Biological monitoring of low level occupational xylene exposure and the role of recent exposure
Jacobson, GA and McLean, SR, Biological monitoring of low level occupational xylene exposure and the role of recent exposure, Annals of Occupational Hygiene, 47, (4) pp. 331-336. ISSN 0003-4878 (2003) [Refereed Article]

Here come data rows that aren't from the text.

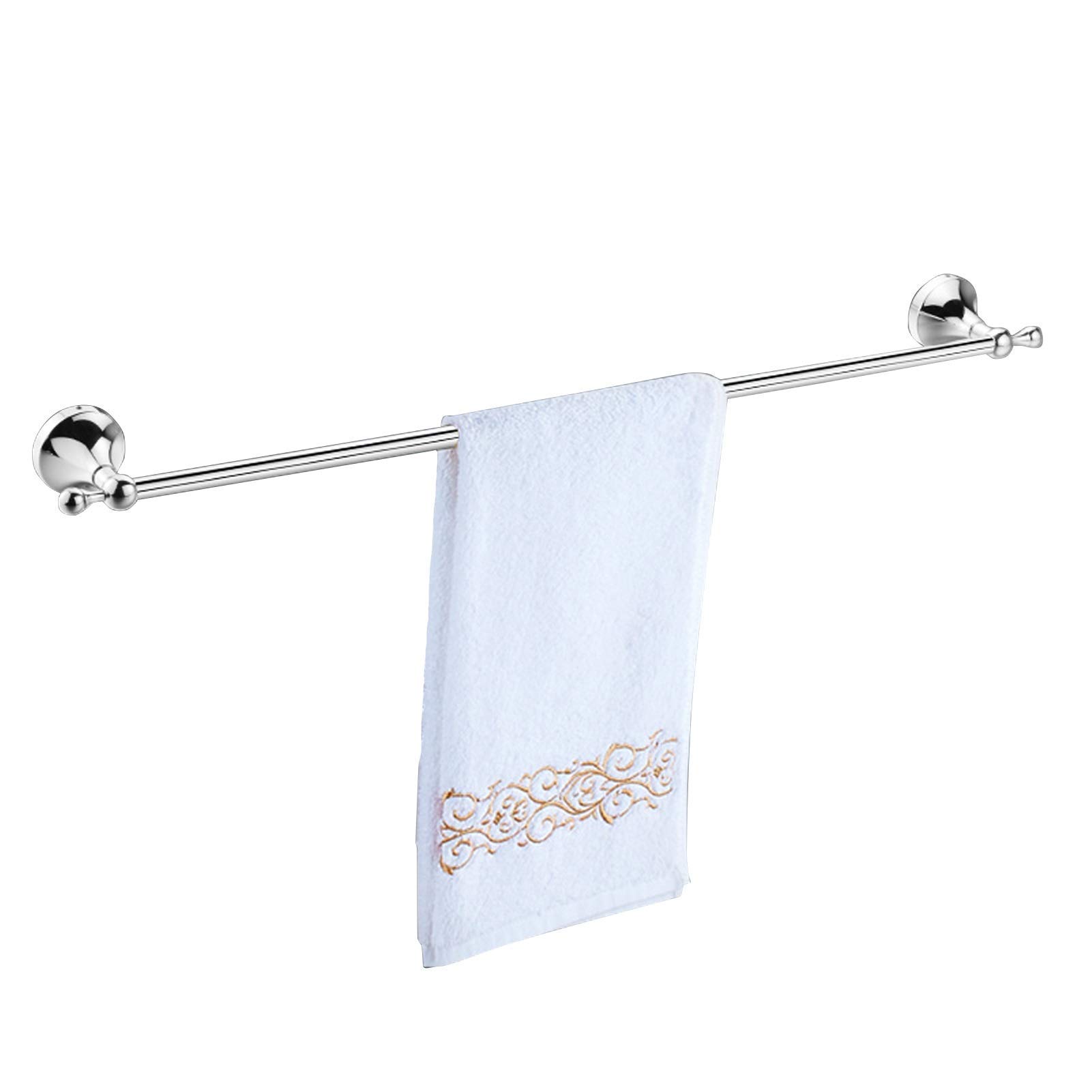 Porte-serviettes 65 cm mural en acier inox SUS 304 pour salle de bain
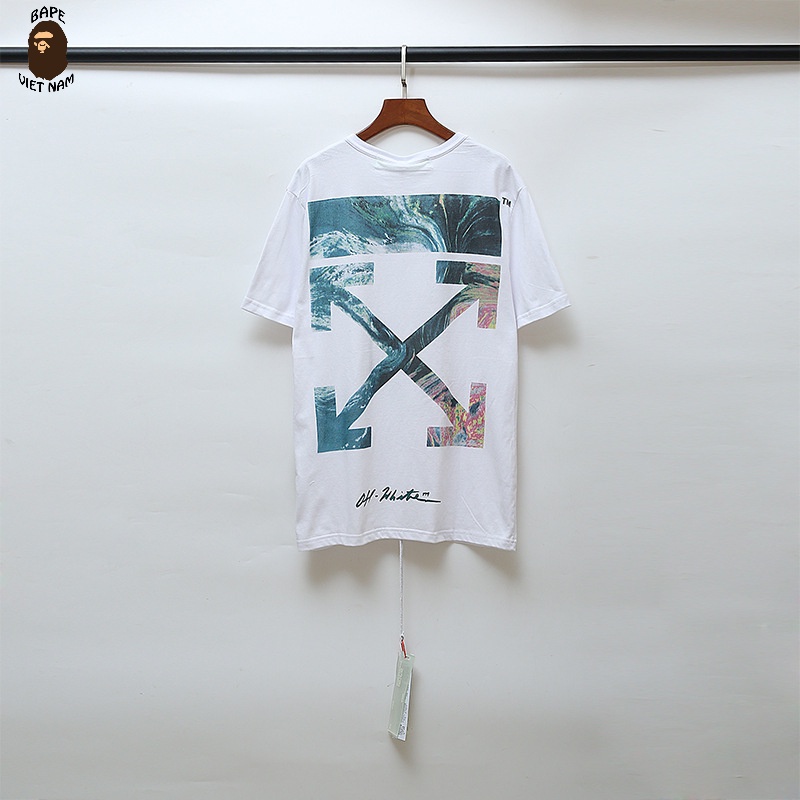 Áo thun Off White, Áo tee Off White SS2022, chất liệu Cotton, 2 màu đen, trắng BapeVN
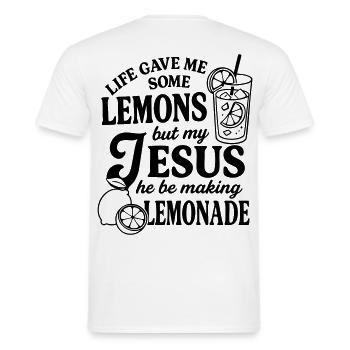 La vie m’a donné des citrons - T-shirt homme - blanc - Dos - AI Model Male 178 dark (178cm)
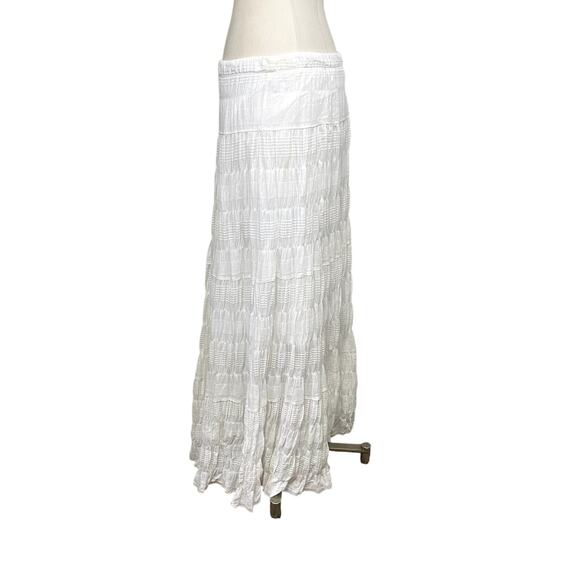 Max Studio Hippie Fairy Boho Festival Free Spirt Cotton Ruffle Tiered Maxi Skirt - Picture 4 of 15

The correlation between low level time-weighted average (TWA) atmospheric xylene exposure (p.p.m.) and urinary methylhippuric acid (MHA) expressed per gram of creatinine was examined. Subjects were recruited from workplaces that utilized xylene. Ambient monitoring of o-, m- and p-xylene isomers was carried out using passive diffusion vapour monitors. Adjusted (post-shift minus pre-shift) and post-shift urinary levels of xylene metabolites (2-, 3- and 4-MHA) were determined by GC–MS. Twenty subjects were recruited into the study. Total xylene TWA exposures were 3.36 ± 3.63 p.p.m. (mean ± SD) with a range of 0.03–14.44 p.p.m. The r2 values for the regression equations between xylene exposure and individual and total adjusted MHA isomers were 0.390, 0.709, 0.677 and 0.631 for o-, m-, p- and total xylenes, respectively, which was greater than the respective correlations between non-adjusted samples. In conclusion, biological monitoring of occupational xylene exposure at levels <15 p.p.m. using urinary MHA showed a good correlation with atmospheric levels and is a valid complement to ambient monitoring. Even though occupational xylene exposure in the workplaces studied was generally low, MHA was found in the pre-shift urine of all workers and the use of adjusted values showed modest improvements in correlations. Recent exposure prior to sampling, either from occupational or non-occupational sources, should be considered when biological monitoring of xylene is undertaken. Extrapolation of data from this study predicted a MHA concentration in post-shift urine of 1.3 g/g creatinine after exposure to a TWA of 100 p.p.m. xylene.